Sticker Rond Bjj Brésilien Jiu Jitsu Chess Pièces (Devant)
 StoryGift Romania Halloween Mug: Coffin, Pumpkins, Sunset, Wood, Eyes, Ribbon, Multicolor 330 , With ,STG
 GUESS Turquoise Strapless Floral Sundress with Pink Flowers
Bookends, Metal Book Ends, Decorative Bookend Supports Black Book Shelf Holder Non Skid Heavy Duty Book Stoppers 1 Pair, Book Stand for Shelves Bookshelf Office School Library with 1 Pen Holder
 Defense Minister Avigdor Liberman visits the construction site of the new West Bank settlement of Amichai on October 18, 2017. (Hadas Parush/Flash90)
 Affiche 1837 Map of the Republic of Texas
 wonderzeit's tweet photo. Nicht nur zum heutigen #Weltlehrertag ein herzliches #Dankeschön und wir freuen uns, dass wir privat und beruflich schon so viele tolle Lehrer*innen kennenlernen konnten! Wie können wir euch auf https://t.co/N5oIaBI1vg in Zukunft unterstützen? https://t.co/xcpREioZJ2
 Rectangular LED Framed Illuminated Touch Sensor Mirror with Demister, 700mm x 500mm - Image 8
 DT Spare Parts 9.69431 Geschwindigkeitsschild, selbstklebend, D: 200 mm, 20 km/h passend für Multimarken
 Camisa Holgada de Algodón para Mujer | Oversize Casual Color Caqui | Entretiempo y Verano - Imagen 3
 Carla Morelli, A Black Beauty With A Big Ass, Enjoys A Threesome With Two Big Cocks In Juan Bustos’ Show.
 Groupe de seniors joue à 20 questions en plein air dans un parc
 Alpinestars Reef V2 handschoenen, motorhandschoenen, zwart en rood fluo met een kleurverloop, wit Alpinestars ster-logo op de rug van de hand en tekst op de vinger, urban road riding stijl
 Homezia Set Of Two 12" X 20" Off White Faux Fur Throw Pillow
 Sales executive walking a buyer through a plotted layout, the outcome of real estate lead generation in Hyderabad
+++
# [ASSIGNMENT]
Write down exactly the span of lines above from the one containing "Defense Minister Avigdor" to the one containing "Rectangular LED Framed", both ends included.

# [THE COMPLETED TASK]
 Defense Minister Avigdor Liberman visits the construction site of the new West Bank settlement of Amichai on October 18, 2017. (Hadas Parush/Flash90)
 Affiche 1837 Map of the Republic of Texas
 wonderzeit's tweet photo. Nicht nur zum heutigen #Weltlehrertag ein herzliches #Dankeschön und wir freuen uns, dass wir privat und beruflich schon so viele tolle Lehrer*innen kennenlernen konnten! Wie können wir euch auf https://t.co/N5oIaBI1vg in Zukunft unterstützen? https://t.co/xcpREioZJ2
 Rectangular LED Framed Illuminated Touch Sensor Mirror with Demister, 700mm x 500mm - Image 8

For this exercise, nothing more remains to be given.